RECORDS FOR THIS TASK Block Start

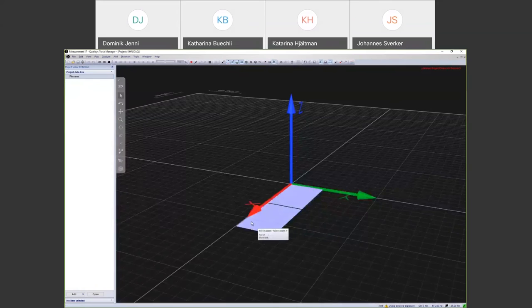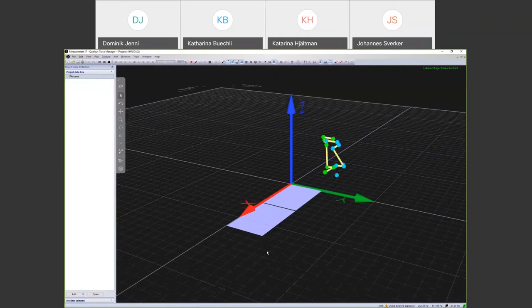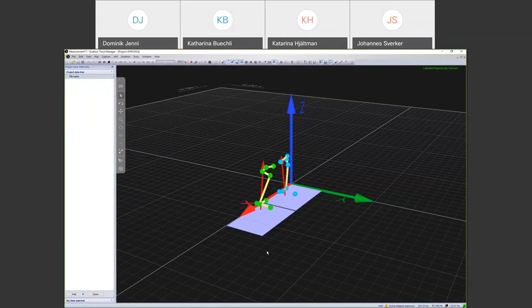In live view, the two force plates are visible. Katarina has markers on her two legs, and when she walks on the force plates, you can see the force arrow indicating the force being applied. This data can then be captured or streamed in real time to other programs.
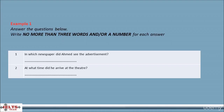The last question type we cover in section 2 of the test is short answer. You read a question to which you have to write a short answer using information from the listening text. This is the only question type in the whole listening section in the form of a real question.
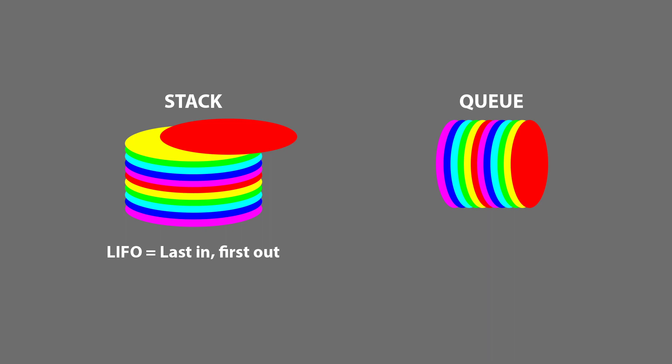So the last plate in is the first plate out. The previous plate I added to the stack would therefore be the next plate off the stack, and so on. It works from the last item added down to the first item added.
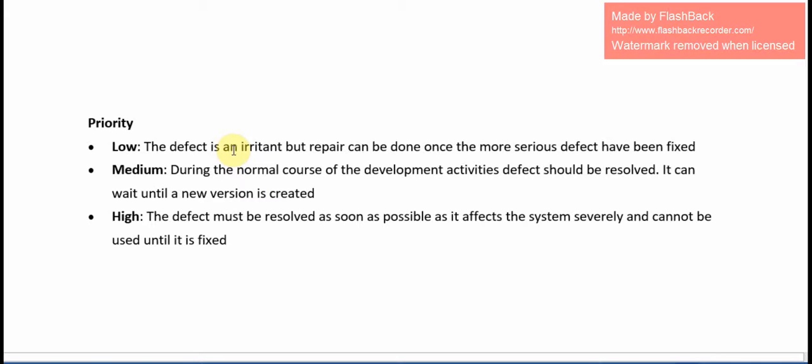If you take the Low mode of priority, the defect is an irritant but repair can be done once the more serious defects have been fixed. Medium — during the normal course of development activities, the defect should be resolved; it can wait until a new version is created. High — if the defect status is high priority, the defect must be resolved as soon as possible, as it affects the system severely and cannot be used until it is fixed.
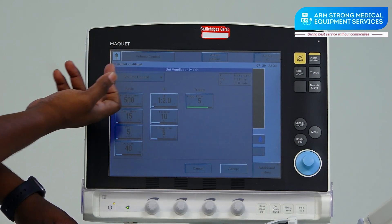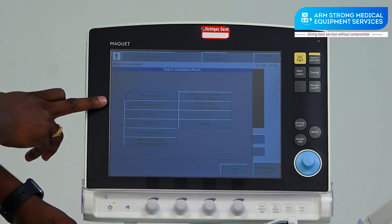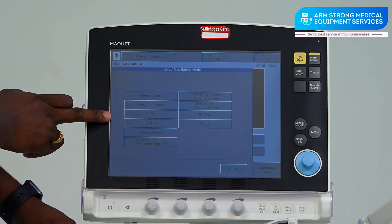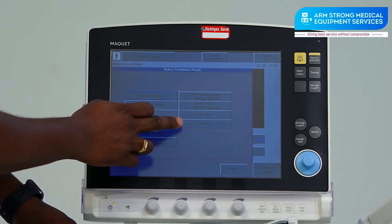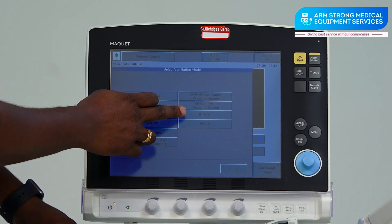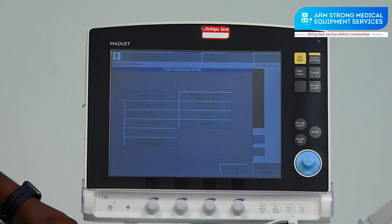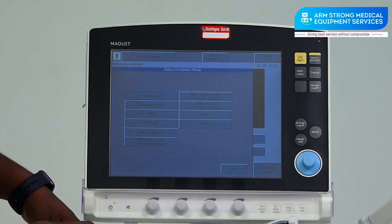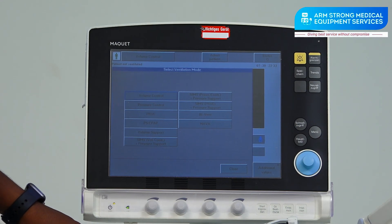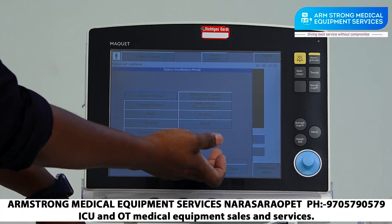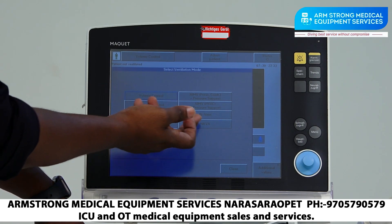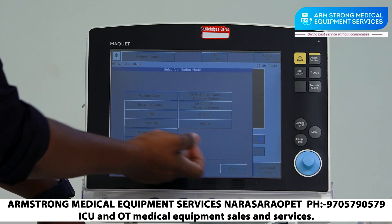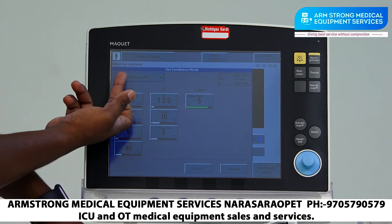On this ventilator we have the following modes: Volume Control, Pressure Control, PRVC, Volume Support, SIMV Volume Control, CPAP, SIMV Pressure Control, SIMV PRVC, BiVent (which is APRV), and the NAVA mode — which is a very high-end mode. In the Macbett Subway Ventilator, NAVA mode is basically not used in India.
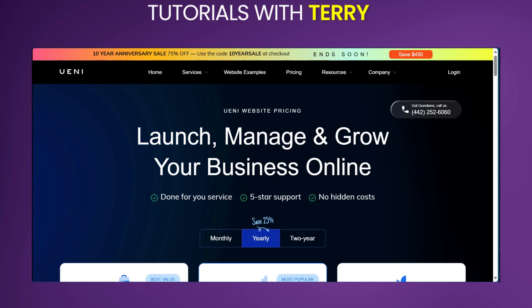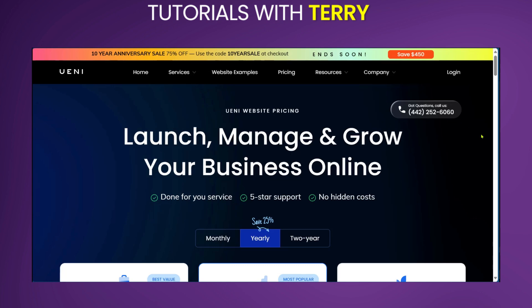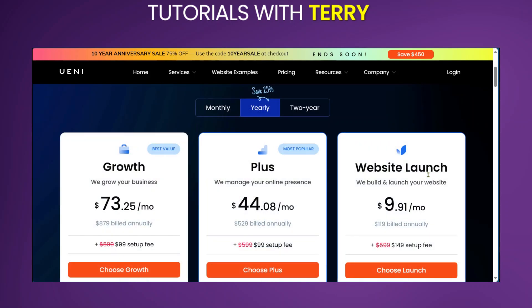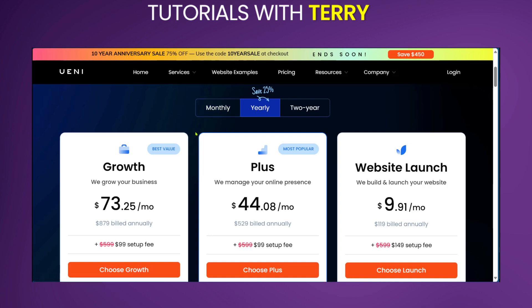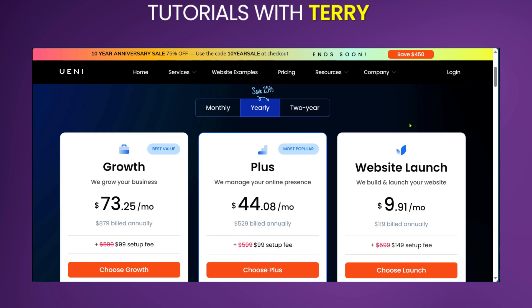On to the pricing: UNI offers three main plans with different billing options — website launch, plus, and growth. Over here, you can select the rate at which you want to be charged: either monthly, yearly, or two-year. If you go for yearly, you're going to save 25%. The monthly plan comes at $99 per month, plus a $149 setup fee.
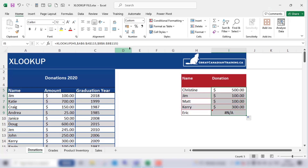And that's it — that's how you can use the XLOOKUP function in Excel. It's a powerful tool that can significantly simplify your data analysis, and I hope you give it a try.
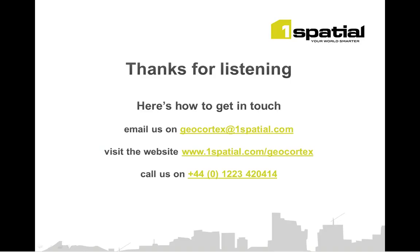My name is Chris Wright from One Spatial. You can get in touch with us by using the details on the screen. Thanks for listening.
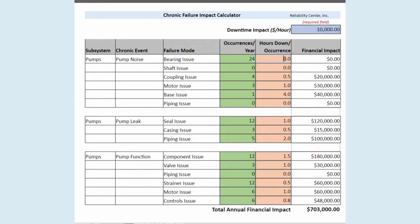So what I'm going to do is say that we're only going to be down about an hour between the staging, the planning, the scheduling, and getting this changed out really quickly. I'm going to put one hour in here, and you'll notice that that equates to two hundred and forty thousand dollars a year.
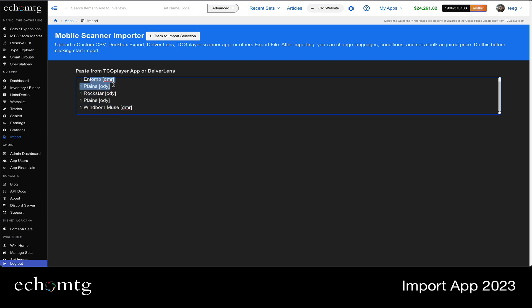An example: both TCG player and DelverLens can export in this mode. DelverLens, you actually choose the Echo MTG export and it'll give you this and send you to this page, which is pretty cool.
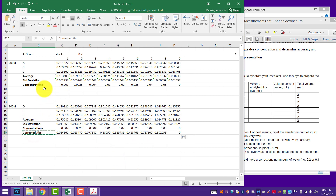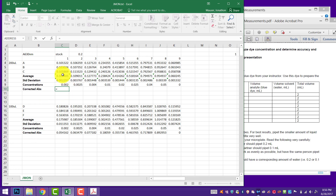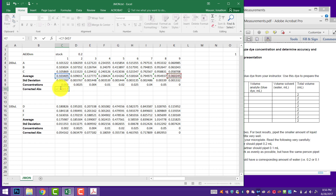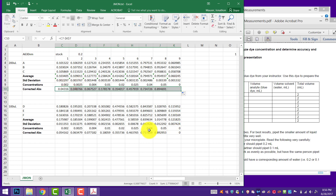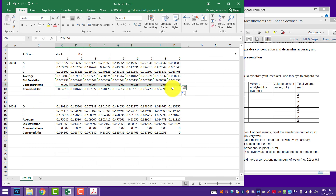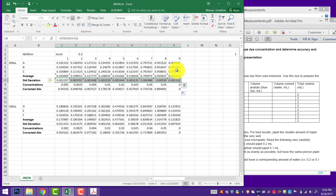I'm going to do the same thing for my other set. I'll grab my average, subtract my blank absorbance, hold that constant by hitting F4 — putting dollar signs in front of the K and the 7 — and as I drag across, we'll have the correct absorbances for the 100 microliter set. So now we have X's and Y's along with our standard deviations, and that's what we need to do our plotting.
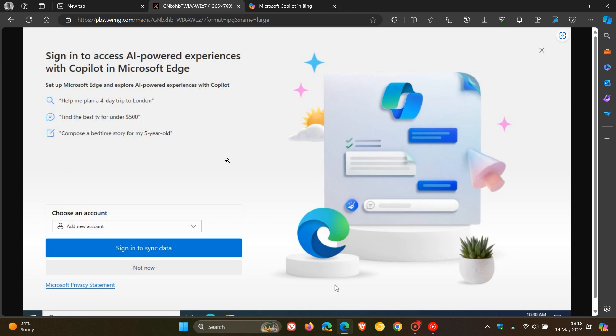Now, the good news is if we look at the bottom left, there is at least a 'not now' opt-out option. Although it's not highlighted in blue like the sign-in to sync data option is, at least it's accessible. You can click 'not now' to skip this whole sign-in process to sync your data and get access to AI-powered experiences with Copilot in the browser.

RECORDS FOR THIS TASK Block End

> [WORK REQUIRED]
Copy each entry exactly as written. Pictures do not belong in the copy.

> [SOLUTION FOR THIS EXERCISE]
In live view, the two force plates are visible. Katarina has markers on her two legs, and when she walks on the force plates, you can see the force arrow indicating the force being applied. This data can then be captured or streamed in real time to other programs.
The last question type we cover in section 2 of the test is short answer. You read a question to which you have to write a short answer using information from the listening text. This is the only question type in the whole listening section in the form of a real question.
So the last plate in is the first plate out. The previous plate I added to the stack would therefore be the next plate off the stack, and so on. It works from the last item added down to the first item added.
If you take the Low mode of priority, the defect is an irritant but repair can be done once the more serious defects have been fixed. Medium — during the normal course of development activities, the defect should be resolved; it can wait until a new version is created. High — if the defect status is high priority, the defect must be resolved as soon as possible, as it affects the system severely and cannot be used until it is fixed.
On this ventilator we have the following modes: Volume Control, Pressure Control, PRVC, Volume Support, SIMV Volume Control, CPAP, SIMV Pressure Control, SIMV PRVC, BiVent (which is APRV), and the NAVA mode — which is a very high-end mode. In the Macbett Subway Ventilator, NAVA mode is basically not used in India.
On to the pricing: UNI offers three main plans with different billing options — website launch, plus, and growth. Over here, you can select the rate at which you want to be charged: either monthly, yearly, or two-year. If you go for yearly, you're going to save 25%. The monthly plan comes at $99 per month, plus a $149 setup fee.
And that's it — that's how you can use the XLOOKUP function in Excel. It's a powerful tool that can significantly simplify your data analysis, and I hope you give it a try.
My name is Chris Wright from One Spatial. You can get in touch with us by using the details on the screen. Thanks for listening.
So what I'm going to do is say that we're only going to be down about an hour between the staging, the planning, the scheduling, and getting this changed out really quickly. I'm going to put one hour in here, and you'll notice that that equates to two hundred and forty thousand dollars a year.
An example: both TCG player and DelverLens can export in this mode. DelverLens, you actually choose the Echo MTG export and it'll give you this and send you to this page, which is pretty cool.
I'm going to do the same thing for my other set. I'll grab my average, subtract my blank absorbance, hold that constant by hitting F4 — putting dollar signs in front of the K and the 7 — and as I drag across, we'll have the correct absorbances for the 100 microliter set. So now we have X's and Y's along with our standard deviations, and that's what we need to do our plotting.
Now, the good news is if we look at the bottom left, there is at least a 'not now' opt-out option. Although it's not highlighted in blue like the sign-in to sync data option is, at least it's accessible. You can click 'not now' to skip this whole sign-in process to sync your data and get access to AI-powered experiences with Copilot in the browser.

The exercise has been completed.